Liturgical Reflection


Put in All She Had

Looking between the lines of today’s readings the destitution of women in society is clearly evident.

We begin with the widow from the ancient city of Sidon who shares her last meal with Elijah.  I suspect she did not know who he truly was but trusted when he said there would be enough food to share.  It is a theme found in folk tales: the unending pot of porridge that overflows for example.  Is this an echo of God’s goodness poured out in generous measure to sustain the needs of those who trust?

The beginning of the Gospel brings us also to the near destitution of women and indeed one of the reasons for their poverty.  Jesus speaks of ‘the men who swallow the property of widows’.  He also speaks of how well these men are dressed, of how they are looked up to by society and how they take ‘the places of honour’ while usurping what little resources the poorer people have.

You don’t have to look far to see current parallels.  The evidence given to the Royal Commission into banking springs immediately to mind.

I like to people-watch and it’s good to know that Our Lord also did this.  Sitting and watching the rich contributing (no doubt they were pleased to have an audience) Jesus comes upon the poor widow, and his teaching begins.

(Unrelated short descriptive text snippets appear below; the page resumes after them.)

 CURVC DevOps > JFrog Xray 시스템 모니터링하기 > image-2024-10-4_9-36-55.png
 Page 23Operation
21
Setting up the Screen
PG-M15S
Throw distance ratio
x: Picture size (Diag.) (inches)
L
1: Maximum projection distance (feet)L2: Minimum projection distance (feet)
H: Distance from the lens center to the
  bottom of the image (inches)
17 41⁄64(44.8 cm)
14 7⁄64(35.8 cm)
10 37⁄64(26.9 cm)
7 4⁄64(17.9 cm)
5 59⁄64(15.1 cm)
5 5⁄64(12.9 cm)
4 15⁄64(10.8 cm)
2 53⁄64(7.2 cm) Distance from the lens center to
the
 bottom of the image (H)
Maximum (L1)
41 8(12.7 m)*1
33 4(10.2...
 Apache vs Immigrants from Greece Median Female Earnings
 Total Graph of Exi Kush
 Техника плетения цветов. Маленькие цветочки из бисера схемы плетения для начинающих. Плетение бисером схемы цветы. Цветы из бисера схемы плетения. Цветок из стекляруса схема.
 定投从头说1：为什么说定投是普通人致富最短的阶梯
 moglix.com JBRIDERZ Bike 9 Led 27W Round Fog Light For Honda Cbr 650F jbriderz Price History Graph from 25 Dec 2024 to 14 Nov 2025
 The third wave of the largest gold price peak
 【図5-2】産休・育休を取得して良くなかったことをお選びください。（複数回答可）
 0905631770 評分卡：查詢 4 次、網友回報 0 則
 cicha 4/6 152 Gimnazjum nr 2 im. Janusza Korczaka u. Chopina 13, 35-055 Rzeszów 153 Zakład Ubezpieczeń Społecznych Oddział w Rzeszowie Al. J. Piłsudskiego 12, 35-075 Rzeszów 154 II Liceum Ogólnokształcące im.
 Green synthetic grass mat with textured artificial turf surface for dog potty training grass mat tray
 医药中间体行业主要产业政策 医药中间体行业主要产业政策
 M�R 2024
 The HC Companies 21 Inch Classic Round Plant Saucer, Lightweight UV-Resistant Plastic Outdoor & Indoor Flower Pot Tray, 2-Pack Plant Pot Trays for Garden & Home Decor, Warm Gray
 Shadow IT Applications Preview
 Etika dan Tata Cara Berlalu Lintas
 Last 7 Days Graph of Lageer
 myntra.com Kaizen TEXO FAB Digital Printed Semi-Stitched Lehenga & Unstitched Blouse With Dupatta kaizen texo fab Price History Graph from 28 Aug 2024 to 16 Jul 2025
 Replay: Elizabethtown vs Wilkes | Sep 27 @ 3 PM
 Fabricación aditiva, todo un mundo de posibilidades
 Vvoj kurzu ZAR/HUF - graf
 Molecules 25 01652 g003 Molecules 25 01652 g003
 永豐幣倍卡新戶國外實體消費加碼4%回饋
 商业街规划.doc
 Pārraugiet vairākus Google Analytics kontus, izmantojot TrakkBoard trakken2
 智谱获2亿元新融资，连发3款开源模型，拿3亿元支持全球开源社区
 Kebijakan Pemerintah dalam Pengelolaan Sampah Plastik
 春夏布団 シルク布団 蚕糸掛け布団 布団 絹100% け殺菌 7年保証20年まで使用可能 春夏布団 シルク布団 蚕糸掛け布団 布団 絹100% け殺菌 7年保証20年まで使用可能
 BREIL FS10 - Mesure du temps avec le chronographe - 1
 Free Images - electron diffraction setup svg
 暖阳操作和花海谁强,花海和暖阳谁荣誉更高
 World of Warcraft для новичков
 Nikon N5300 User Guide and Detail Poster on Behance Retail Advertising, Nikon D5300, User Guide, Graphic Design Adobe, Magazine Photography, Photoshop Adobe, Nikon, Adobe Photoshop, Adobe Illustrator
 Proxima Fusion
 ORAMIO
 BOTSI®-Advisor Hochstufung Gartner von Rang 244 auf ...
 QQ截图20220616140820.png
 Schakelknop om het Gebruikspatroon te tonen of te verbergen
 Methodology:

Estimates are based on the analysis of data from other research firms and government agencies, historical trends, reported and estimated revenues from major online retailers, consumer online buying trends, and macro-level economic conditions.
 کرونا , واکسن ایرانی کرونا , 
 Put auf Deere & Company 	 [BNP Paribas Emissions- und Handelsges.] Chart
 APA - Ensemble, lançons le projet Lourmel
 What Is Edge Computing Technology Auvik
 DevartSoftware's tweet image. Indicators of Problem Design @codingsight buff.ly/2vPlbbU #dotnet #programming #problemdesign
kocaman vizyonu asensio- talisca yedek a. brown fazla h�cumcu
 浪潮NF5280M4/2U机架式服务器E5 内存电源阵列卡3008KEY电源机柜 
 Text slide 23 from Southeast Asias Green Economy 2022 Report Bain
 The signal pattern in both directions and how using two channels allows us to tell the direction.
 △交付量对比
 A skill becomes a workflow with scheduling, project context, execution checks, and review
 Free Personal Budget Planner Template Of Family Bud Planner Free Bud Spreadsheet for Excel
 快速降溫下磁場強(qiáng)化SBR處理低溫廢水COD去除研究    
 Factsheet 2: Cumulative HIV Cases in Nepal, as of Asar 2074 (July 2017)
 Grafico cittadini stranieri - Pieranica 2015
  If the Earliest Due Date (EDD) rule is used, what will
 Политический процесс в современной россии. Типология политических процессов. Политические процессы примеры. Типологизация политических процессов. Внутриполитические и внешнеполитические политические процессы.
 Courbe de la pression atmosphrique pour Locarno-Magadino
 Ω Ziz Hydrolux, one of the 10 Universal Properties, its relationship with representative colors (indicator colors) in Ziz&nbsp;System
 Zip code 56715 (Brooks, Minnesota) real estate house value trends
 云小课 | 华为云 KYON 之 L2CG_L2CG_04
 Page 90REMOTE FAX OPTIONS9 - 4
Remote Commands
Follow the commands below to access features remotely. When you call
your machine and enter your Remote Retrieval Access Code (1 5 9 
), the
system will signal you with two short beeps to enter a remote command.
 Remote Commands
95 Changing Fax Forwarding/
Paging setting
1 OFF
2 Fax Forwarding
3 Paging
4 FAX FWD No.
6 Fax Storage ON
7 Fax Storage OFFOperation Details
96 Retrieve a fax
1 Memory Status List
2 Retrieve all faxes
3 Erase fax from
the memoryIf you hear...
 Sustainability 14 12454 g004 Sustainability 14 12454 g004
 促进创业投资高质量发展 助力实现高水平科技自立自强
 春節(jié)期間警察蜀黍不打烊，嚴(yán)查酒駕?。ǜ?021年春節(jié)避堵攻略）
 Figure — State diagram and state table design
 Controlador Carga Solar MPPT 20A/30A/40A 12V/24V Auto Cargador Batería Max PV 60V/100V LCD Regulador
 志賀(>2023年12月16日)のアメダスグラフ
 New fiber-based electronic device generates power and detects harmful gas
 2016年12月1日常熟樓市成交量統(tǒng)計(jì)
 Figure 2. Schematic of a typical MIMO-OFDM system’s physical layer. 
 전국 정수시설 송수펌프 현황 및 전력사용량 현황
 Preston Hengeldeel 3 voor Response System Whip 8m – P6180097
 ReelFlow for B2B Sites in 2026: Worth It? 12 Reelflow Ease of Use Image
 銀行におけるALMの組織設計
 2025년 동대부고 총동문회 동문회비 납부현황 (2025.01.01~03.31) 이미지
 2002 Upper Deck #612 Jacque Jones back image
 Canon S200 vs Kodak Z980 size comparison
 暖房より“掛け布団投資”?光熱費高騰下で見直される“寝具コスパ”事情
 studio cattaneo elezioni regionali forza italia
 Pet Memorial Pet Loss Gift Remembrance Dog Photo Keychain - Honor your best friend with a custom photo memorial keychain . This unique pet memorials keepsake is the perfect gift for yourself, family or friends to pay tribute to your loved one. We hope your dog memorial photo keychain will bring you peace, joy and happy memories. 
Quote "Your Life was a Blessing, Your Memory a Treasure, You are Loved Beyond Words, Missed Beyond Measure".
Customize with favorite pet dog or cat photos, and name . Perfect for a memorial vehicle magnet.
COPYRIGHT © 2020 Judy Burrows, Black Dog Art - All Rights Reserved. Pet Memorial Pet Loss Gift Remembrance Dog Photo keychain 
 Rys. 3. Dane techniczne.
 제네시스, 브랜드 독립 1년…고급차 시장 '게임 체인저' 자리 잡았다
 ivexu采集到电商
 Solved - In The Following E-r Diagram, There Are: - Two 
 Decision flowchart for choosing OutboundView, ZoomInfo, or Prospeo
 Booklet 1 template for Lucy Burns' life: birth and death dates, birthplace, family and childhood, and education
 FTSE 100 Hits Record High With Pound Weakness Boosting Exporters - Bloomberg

His main theme, it seems to me, is that we should give of ourselves according to our resources whether they be monetary or influential and not to be judgmental of others.

Recently I walked into my Year 6 catechist class to see that their teacher had the children watching the Invictus Games.  Not wishing to compete with their rapt interest I decided to change the lesson plan to: ‘Jesus in Action’.  Here was Prince Harry a man of means and influence who instead of living the life of the glitterati was using what he had to improve the lives of others.  And here were the ‘others’ using the limitations of their bodies to share the camaraderie of competition with support and love for those around them.

It would be a wonderful thing if women were equally celebrated for using their wealth and influence for the betterment of others.  Although the status of women has improved greatly in the last two thousand years (might I surmise through the influence of Christianity) we still have a way to go.  It is only when women’s wealth and influence are equal to men’s can we hope for an equal share in the philanthropy.